Crepúsculo: del latín crepusculum, diminutivo procedente del adjetivo creper: oscuro, utilizado ya en su doble acepción: sombrío, pero también dudoso, incierto. Este término está emparentado con el sánscrito Ksapah (noche) y el griego knephas (oscuridad). Utilizado en origen para referirse al momento que sucede a la caída del sol, por abuso del término pasa también a emplearse para nombrar el intervalo entre la noche y el alba. Paradójicamente, pese a su etimología, el diccionario de la Real Academia Española define crepúsculo como el momento de claridad que sucede o precede a la caída o salida del sol respectivamente.

El ocaso ha sido empleado simbólicamente para representar una escena o un momento del pensamiento que constituye la última fase de la existencia, estrechamente ligado al término decadencia. Sin embargo, podemos detectar dos visiones marcadamente distintas del ocaso como final. Se nos presenta, en primer lugar, la visión del ocaso como un momento terminal más allá del cual no acontecerá nada, nada se espera, y, en segundo lugar, una visión del ocaso como el momento que abre paso a un nuevo amanecer. Aunque podamos atisbar un paralelismo con las dos concepciones clásicas del tiempo, la linealidad o circularidad temporal es compatible con ambas perspectivas. Encontramos el uso de una interpretación cíclica del objeto de estudio al que se aplique esta metáfora.

Ocaso terminal

Para el estudio del ocaso observado como momento terminal, podemos hablar en primer lugar del “Ocaso de los dioses” por la relevancia artística y filosófica de la expresión. Procedente del término alemán Götterdammerung (ocaso de los dioses), a su vez una traducción directa del nórdico antiguo ragnarökkr (ocaso de los dioses), que aparece en la Edda prosaica, manual de poética escrito por Snorri Sturluson. Sin embargo, en la Edda poética que sirvió como fuente a Sturluson solo se menciona el término ragnarök. Este cambio fue probablemente una licencia poética de Sturluson, un juego de palabras entre rök (destino) y rökkr (oscuridad, ocaso), convirtiendo en caída su destino. Así, el destino de los dioses es connotado negativamente con esta connotación a su decadencia y su muerte. Ragnarok es el nombre dado a la guerra profetizada entre dioses y gigantes que traerá consigo el fin del mundo.

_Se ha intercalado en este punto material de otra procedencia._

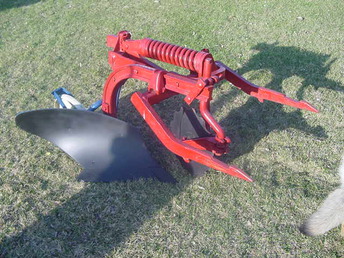 Ih C-10 Fast Hitch Plow   - This is the much harder to find one bottom version  of fast hitch plow for Super C, 200 or 230. They  were made 1953 to approx 1958.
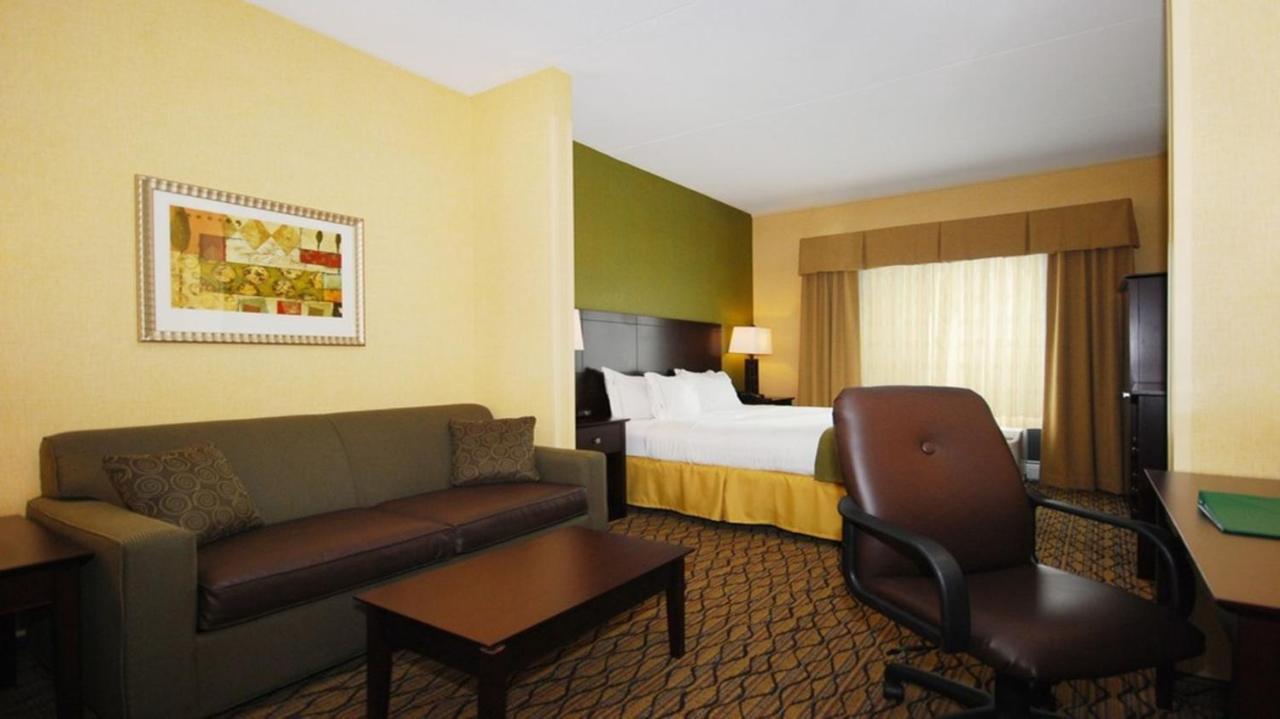 Wingate By Wyndham Kittanning Hotel Bagian luar foto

Esta visión del ocaso como punto terminal no siempre aparece connotada negativamente ni acompañada de una perspectiva pesimista. Por ejemplo, en De Rerum Natura, donde Lucrecio señala el reproche de la naturaleza a quien se lamenta insaciable al final de su vida, queriendo más placeres cuando ha tenido tiempo de agotar todos los que la naturaleza le ofrecía. Y el final de la vida abre paso a otra nueva vida:

Ninguna cosa cae en el abismo

Ni en el Tártaro negro: es necesario

Que esta generación propague otra;

Muy pronto pasarán amontonados,

Y en pos de ti caminarán: los seres

Desaparecerán ahora existentes,

Como aquellos que hubiesen precedido.

Siempre nacen los seres unos de otros

Y a nadie en propiedad se da la vida;

El uso de ella se concede a todos.

[…]

Los muchachos a oscuras tembletean

y se asustan de todo en claro día.

¡Somos la diversión de unos terrores

tan frívolos y vanos! Desterremos

estas tinieblas y estos sobresaltos,

no con los rayos de la luz del día

sino pensando en la naturaleza.

Cicerón, en Tusculanas Disputationes refleja también esta visión: “en la muerte seguimos sintiendo y cuando los humanos dejan esta vida no son destruidos al punto de morir del todo”, esperanzada idea que un epigrama contenido en el Corpus Inscriptionum Latinarum resume bellamente así: “Soy ceniza, la ceniza es tierra, la tierra es una diosa, por lo tanto no estoy muerto”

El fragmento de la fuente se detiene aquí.